#### [EXERCISE]
Of the entries below, return only those lines from the line with "CLOSE-UP OF HORSE GRAZING ON FIELD" to the line with "Two Small Puppies", exactly, both included.

#### [AVAILABLE DATA]
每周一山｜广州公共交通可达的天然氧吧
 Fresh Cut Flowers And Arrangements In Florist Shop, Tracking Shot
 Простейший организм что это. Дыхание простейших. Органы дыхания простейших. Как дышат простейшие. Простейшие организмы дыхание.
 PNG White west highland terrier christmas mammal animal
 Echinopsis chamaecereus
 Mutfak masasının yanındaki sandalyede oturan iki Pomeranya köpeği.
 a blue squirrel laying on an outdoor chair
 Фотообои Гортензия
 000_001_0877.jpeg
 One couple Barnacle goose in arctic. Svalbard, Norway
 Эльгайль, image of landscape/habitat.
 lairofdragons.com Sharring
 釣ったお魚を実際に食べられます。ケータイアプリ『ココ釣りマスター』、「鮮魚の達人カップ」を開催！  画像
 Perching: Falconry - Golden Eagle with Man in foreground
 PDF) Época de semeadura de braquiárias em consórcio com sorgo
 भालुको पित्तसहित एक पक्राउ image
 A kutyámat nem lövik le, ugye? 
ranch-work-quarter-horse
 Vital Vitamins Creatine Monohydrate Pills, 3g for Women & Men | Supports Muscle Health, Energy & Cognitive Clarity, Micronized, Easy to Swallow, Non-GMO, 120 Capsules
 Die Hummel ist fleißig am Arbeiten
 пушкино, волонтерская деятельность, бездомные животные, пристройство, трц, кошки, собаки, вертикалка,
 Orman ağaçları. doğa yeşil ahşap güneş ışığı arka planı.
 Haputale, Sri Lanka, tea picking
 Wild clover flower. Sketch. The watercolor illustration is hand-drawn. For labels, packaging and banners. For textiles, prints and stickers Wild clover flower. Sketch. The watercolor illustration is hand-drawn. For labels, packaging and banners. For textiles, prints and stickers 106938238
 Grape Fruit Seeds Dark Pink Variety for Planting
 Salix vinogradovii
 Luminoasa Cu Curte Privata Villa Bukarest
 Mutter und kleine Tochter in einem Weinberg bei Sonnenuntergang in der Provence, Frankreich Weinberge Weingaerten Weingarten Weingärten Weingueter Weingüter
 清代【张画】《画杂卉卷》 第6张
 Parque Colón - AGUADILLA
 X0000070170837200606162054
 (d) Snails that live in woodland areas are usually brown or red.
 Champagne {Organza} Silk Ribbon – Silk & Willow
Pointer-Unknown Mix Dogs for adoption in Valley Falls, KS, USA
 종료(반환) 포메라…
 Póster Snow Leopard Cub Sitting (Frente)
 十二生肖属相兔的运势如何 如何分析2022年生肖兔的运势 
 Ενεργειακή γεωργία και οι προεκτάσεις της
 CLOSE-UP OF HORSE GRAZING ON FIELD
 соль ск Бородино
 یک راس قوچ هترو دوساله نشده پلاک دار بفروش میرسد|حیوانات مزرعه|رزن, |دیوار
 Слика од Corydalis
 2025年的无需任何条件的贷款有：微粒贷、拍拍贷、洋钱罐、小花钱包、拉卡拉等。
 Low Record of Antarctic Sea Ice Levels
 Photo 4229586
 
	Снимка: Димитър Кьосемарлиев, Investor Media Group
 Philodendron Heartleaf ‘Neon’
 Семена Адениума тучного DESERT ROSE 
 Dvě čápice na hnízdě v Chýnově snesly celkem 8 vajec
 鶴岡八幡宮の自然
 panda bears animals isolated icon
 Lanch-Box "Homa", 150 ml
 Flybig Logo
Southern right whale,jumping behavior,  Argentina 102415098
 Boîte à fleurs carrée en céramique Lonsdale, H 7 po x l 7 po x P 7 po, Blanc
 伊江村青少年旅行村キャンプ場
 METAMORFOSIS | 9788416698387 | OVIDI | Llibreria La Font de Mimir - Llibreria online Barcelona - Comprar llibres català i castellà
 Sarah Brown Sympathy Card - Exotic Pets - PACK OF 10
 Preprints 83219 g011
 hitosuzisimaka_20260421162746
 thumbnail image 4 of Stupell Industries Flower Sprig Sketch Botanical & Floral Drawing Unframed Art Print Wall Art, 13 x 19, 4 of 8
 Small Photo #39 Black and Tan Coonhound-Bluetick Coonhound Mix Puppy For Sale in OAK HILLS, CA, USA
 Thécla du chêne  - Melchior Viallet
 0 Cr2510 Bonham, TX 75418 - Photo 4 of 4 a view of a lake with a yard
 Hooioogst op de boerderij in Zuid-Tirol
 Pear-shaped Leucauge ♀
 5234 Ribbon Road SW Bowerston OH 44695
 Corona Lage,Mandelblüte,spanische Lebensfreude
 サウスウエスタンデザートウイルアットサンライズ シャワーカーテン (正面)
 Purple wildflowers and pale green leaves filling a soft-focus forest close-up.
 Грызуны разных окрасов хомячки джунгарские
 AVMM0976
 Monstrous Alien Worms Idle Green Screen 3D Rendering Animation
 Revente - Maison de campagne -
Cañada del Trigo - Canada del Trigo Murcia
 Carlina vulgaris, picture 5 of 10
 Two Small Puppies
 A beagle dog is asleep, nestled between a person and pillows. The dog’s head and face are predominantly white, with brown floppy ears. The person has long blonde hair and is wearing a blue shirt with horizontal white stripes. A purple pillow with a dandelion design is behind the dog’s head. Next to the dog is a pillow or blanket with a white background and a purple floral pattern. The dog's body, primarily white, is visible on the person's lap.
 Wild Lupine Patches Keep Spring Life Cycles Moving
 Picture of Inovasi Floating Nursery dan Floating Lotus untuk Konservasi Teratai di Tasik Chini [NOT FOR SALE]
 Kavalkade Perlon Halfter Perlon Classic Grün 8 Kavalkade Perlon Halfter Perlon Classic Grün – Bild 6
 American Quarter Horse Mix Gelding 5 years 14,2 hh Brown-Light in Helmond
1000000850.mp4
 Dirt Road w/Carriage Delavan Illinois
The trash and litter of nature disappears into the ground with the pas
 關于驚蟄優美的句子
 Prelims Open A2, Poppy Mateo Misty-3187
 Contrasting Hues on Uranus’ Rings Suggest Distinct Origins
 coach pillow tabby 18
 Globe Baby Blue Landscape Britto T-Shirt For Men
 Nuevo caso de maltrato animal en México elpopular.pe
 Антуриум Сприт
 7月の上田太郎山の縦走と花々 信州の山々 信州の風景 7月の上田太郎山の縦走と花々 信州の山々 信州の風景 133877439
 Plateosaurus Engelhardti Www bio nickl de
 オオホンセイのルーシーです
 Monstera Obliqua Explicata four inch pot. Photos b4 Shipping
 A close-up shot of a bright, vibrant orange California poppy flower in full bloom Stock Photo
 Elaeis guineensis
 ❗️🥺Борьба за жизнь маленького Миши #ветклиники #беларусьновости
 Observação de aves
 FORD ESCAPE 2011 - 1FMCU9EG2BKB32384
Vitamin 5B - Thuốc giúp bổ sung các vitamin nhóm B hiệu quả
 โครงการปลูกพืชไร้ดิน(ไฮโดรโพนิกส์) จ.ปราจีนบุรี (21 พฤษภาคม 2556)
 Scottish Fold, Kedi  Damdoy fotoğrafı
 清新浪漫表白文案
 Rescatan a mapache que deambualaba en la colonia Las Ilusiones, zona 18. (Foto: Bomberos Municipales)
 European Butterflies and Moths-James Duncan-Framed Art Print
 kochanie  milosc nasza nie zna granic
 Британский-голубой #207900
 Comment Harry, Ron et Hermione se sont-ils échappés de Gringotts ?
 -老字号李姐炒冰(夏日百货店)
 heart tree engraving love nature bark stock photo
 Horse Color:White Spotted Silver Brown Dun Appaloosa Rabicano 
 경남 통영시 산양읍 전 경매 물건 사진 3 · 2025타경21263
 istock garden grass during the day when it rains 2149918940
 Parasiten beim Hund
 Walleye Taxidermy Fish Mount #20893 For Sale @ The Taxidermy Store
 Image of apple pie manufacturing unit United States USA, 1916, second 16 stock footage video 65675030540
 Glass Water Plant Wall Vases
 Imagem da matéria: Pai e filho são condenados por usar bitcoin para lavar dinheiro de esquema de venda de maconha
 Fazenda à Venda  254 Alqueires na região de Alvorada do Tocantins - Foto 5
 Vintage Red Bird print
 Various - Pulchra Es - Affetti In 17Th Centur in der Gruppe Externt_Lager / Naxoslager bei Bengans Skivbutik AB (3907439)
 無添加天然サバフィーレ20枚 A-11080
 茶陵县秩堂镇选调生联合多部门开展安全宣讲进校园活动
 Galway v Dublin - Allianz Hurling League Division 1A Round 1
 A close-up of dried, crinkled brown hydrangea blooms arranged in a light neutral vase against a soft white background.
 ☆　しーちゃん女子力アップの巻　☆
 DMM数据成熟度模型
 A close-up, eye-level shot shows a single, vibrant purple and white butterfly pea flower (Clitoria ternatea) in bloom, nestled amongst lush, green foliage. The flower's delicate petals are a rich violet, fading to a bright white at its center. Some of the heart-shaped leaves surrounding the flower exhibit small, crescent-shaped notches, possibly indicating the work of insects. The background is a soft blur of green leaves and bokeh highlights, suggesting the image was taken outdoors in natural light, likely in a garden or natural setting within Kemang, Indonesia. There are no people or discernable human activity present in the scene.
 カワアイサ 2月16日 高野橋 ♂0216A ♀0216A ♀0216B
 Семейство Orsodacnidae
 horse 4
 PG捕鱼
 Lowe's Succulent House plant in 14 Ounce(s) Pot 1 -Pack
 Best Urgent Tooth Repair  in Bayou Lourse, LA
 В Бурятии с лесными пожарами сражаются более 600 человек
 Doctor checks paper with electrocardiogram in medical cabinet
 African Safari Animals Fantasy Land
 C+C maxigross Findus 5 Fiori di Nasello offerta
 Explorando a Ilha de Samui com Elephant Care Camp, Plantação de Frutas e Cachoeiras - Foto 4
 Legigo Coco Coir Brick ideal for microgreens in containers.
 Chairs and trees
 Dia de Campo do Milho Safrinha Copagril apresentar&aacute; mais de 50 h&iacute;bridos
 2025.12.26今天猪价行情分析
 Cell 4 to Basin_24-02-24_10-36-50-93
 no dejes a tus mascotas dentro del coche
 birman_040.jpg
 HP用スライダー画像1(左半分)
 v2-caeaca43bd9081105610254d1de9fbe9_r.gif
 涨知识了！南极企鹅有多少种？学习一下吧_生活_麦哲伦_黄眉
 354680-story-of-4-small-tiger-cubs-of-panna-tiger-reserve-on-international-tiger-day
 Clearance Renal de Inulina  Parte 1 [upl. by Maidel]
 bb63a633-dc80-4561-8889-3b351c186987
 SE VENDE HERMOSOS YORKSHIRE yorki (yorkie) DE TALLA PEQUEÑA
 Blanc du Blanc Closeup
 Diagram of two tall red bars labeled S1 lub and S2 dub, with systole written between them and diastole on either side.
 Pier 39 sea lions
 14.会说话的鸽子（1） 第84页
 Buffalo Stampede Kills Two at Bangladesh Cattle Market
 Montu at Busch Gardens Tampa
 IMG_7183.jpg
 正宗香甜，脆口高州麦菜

#### [THE ANSWER]
 CLOSE-UP OF HORSE GRAZING ON FIELD
 соль ск Бородино
 یک راس قوچ هترو دوساله نشده پلاک دار بفروش میرسد|حیوانات مزرعه|رزن, |دیوار
 Слика од Corydalis
 2025年的无需任何条件的贷款有：微粒贷、拍拍贷、洋钱罐、小花钱包、拉卡拉等。
 Low Record of Antarctic Sea Ice Levels
 Photo 4229586
 
	Снимка: Димитър Кьосемарлиев, Investor Media Group
 Philodendron Heartleaf ‘Neon’
 Семена Адениума тучного DESERT ROSE 
 Dvě čápice na hnízdě v Chýnově snesly celkem 8 vajec
 鶴岡八幡宮の自然
 panda bears animals isolated icon
 Lanch-Box "Homa", 150 ml
 Flybig Logo
Southern right whale,jumping behavior,  Argentina 102415098
 Boîte à fleurs carrée en céramique Lonsdale, H 7 po x l 7 po x P 7 po, Blanc
 伊江村青少年旅行村キャンプ場
 METAMORFOSIS | 9788416698387 | OVIDI | Llibreria La Font de Mimir - Llibreria online Barcelona - Comprar llibres català i castellà
 Sarah Brown Sympathy Card - Exotic Pets - PACK OF 10
 Preprints 83219 g011
 hitosuzisimaka_20260421162746
 thumbnail image 4 of Stupell Industries Flower Sprig Sketch Botanical & Floral Drawing Unframed Art Print Wall Art, 13 x 19, 4 of 8
 Small Photo #39 Black and Tan Coonhound-Bluetick Coonhound Mix Puppy For Sale in OAK HILLS, CA, USA
 Thécla du chêne  - Melchior Viallet
 0 Cr2510 Bonham, TX 75418 - Photo 4 of 4 a view of a lake with a yard
 Hooioogst op de boerderij in Zuid-Tirol
 Pear-shaped Leucauge ♀
 5234 Ribbon Road SW Bowerston OH 44695
 Corona Lage,Mandelblüte,spanische Lebensfreude
 サウスウエスタンデザートウイルアットサンライズ シャワーカーテン (正面)
 Purple wildflowers and pale green leaves filling a soft-focus forest close-up.
 Грызуны разных окрасов хомячки джунгарские
 AVMM0976
 Monstrous Alien Worms Idle Green Screen 3D Rendering Animation
 Revente - Maison de campagne -
Cañada del Trigo - Canada del Trigo Murcia
 Carlina vulgaris, picture 5 of 10
 Two Small Puppies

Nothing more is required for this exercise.